When you are in such a team (I am now, and I love it), this trust results in quite a few positive outcomes
This has come up when discussing certain design patterns in projects owned by other teams. There's a certain family of projects at work, where the owner doesn't trust the technical excellence of their team, which caused them to reach for some quite complex design patterns to make things "just magically work" without trusting the team to understand what the needs of each project are, and to configure them appropriately. This colleague's goals is no No-Code their way to victory. That would be a quite cool technical achievement, but my perspective is that it's born from a lack of trust (which isn't completely baseless, there's opportunities for excellence anywhere and everywhere).
Instead of responding to a lack of trust by throwing up more and more controls, I value responding by building up the trust level -- doing more training, having conversations on what I want to see in a high quality piece of software.
A culture of trust and respect results in freedom.
Strong opinions loosely held.
I'm an opinionated person, and the ability to express my opinions is important to me. I do not hesitate to say "I disagree, here's what I think, and why", and it's important to me that I work in an environment where this is possible. But I work on a team full of opinionated engineers who don't hesitate to voice their own opinions. And our opinions are all different.
Your first reaction might be "That sounds hellish, how do you get anything done?" but I really quite the dynamic. I think it's only successful because of the culture of trust and mutual respect that the team has built over the past few months.
One of the ways I think we've built this culture, is through being open to changing our opinion, and through being open to trying something that doesn't quite sit comfortably. It's sometimes pretty hard -- a lot of our opinions are on things that we've personally experience pain with, and we don't want to experience that pain again! This can result in very strongly held opinions.
There's a few ways that we've still been able to be productive without requesting transfers to another team. To a person, we're all open to changing our opinions when presented a (compelling) reason. Sometimes though, we have to say "Okay, I don't quite agree, but I'm willing to help you try it out". This has been important, because each team member has different strengths, and is a subject matter expert in some part of the system. So we frequently say "Seeing this surprised me, I initially though that might be better". Sometimes, the resolution is "Oh, yeah, that's pretty sweet". Sometimes though, the resolution is "I tried that, but here's why it didn't work".
Sometimes, I've even found us having heated disagreements over how much we agree.
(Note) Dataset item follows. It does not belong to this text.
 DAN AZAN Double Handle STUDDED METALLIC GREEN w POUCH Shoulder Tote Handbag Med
Communication is the single hardest thing about my job, and I'm not sure that will ever stop being true. We often have the same values, and come to different conclusions. We also commonly use different words to say the same thing, but we don't quite understand what the other person is saying, so we immediately jump to disagreeing with them (because we know that we're right). The helpful thing to do in these kinds of conversations, is to try to identify why we're disagreeing, and even what we're disagreeing about.
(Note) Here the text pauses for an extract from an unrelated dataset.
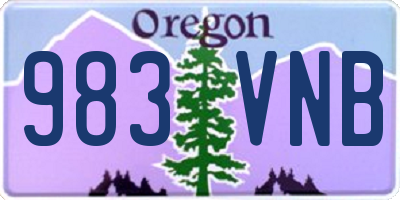 OR license plate 983VNB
I value being opinionated, but this must be tempered with being open to changing my opinion. I still struggle with this, and have to be intentional when I approach conversations. I've found that even identifying disagreement can help its resolution. We often argue without even knowing what we're arguing about. It's pretty helpful to try to restate what someone else's opinions are, without making any kind of judgement on them -- "Can I try to restate your opinion to make sure I understand? You think ... because ...?"
Being opinionated only works in an environment of trust and a willingness to change your opinion.